Required action. Starting with the line that contains "Photo 40 for" and ending with the last line of the entries, repeat exactly those lines and nothing else, pictures excluded.

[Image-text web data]

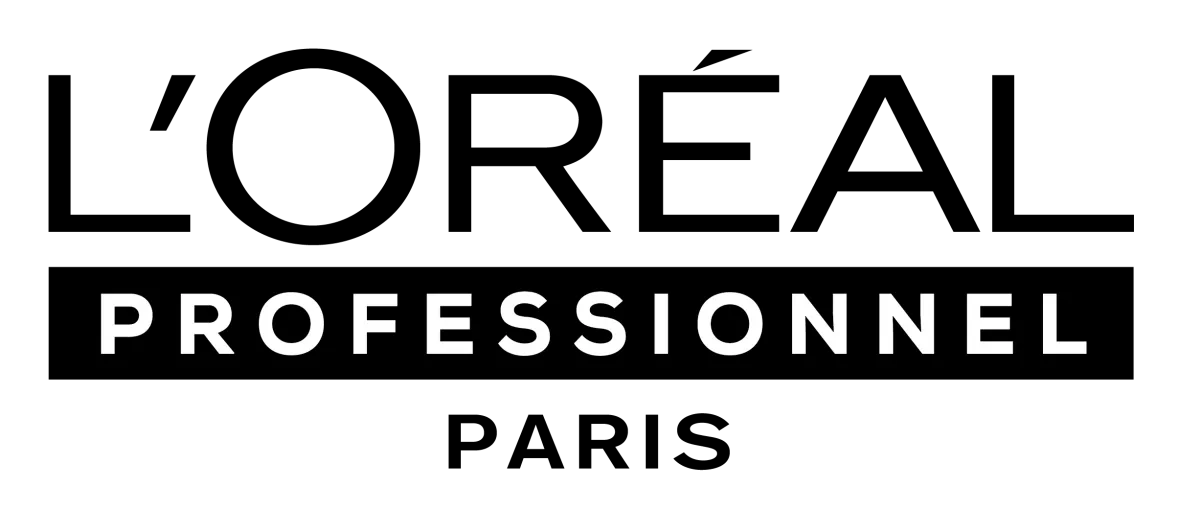 Loreal Professionnel Paris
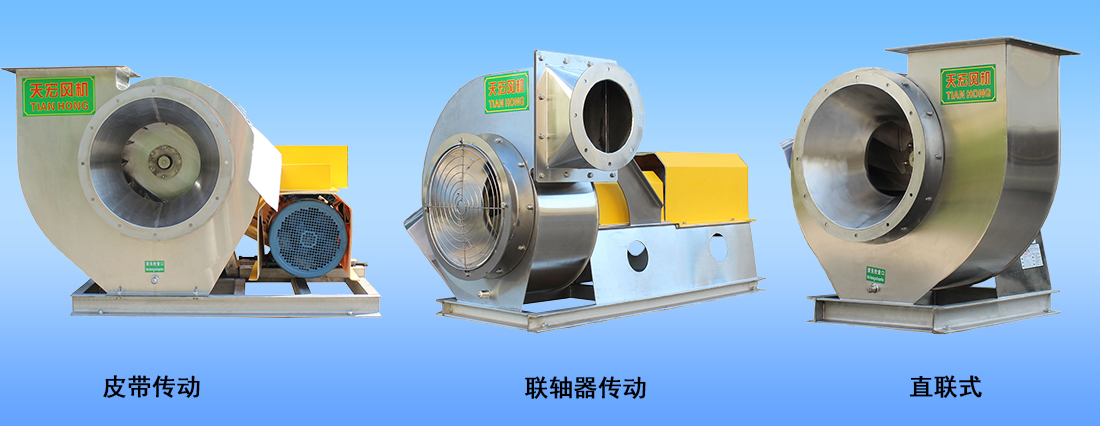 1716974956292022.jpg 未标题-1222.jpg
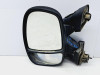  RETROVISOR IZQUIERDO RENAULT TRAFIC II FURGÓN 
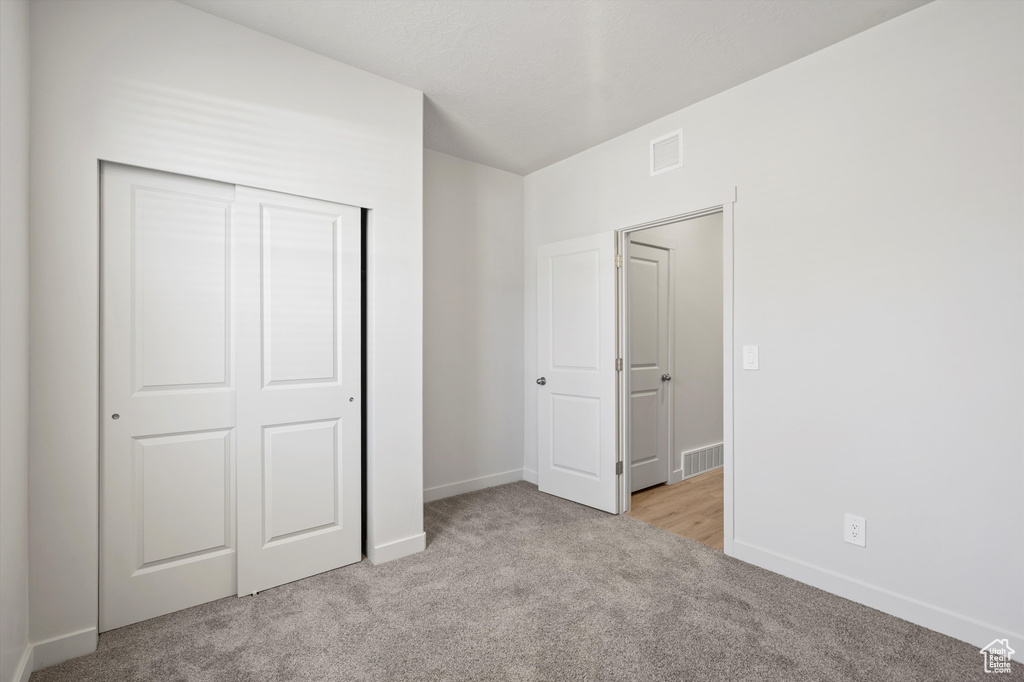 Photo 40 for MLS #2109775 at 3462 N Gina St #1207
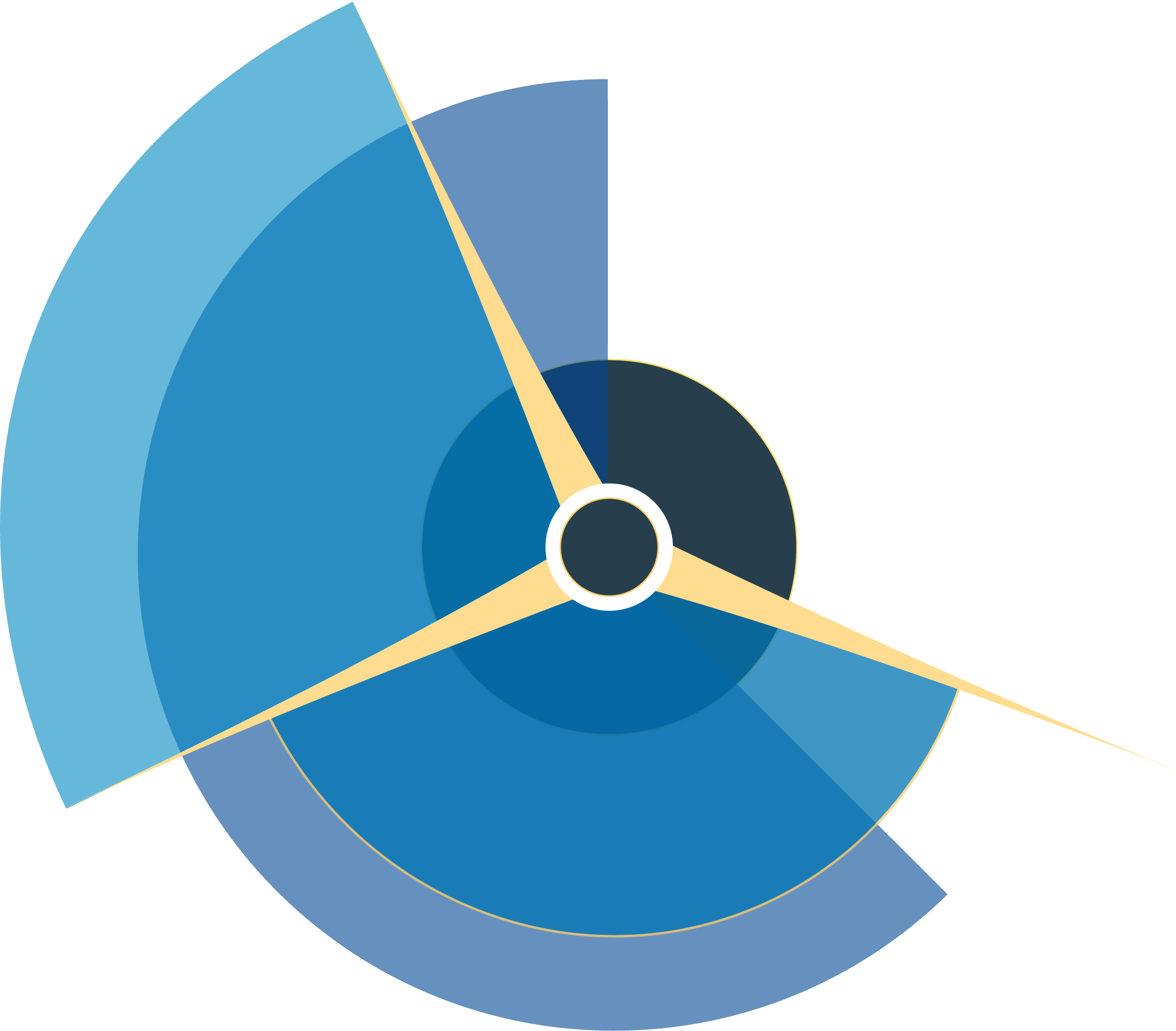 Logo Les Temps Mêlés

Solution for this problem.
 Photo 40 for MLS #2109775 at 3462 N Gina St #1207
 Logo Les Temps Mêlés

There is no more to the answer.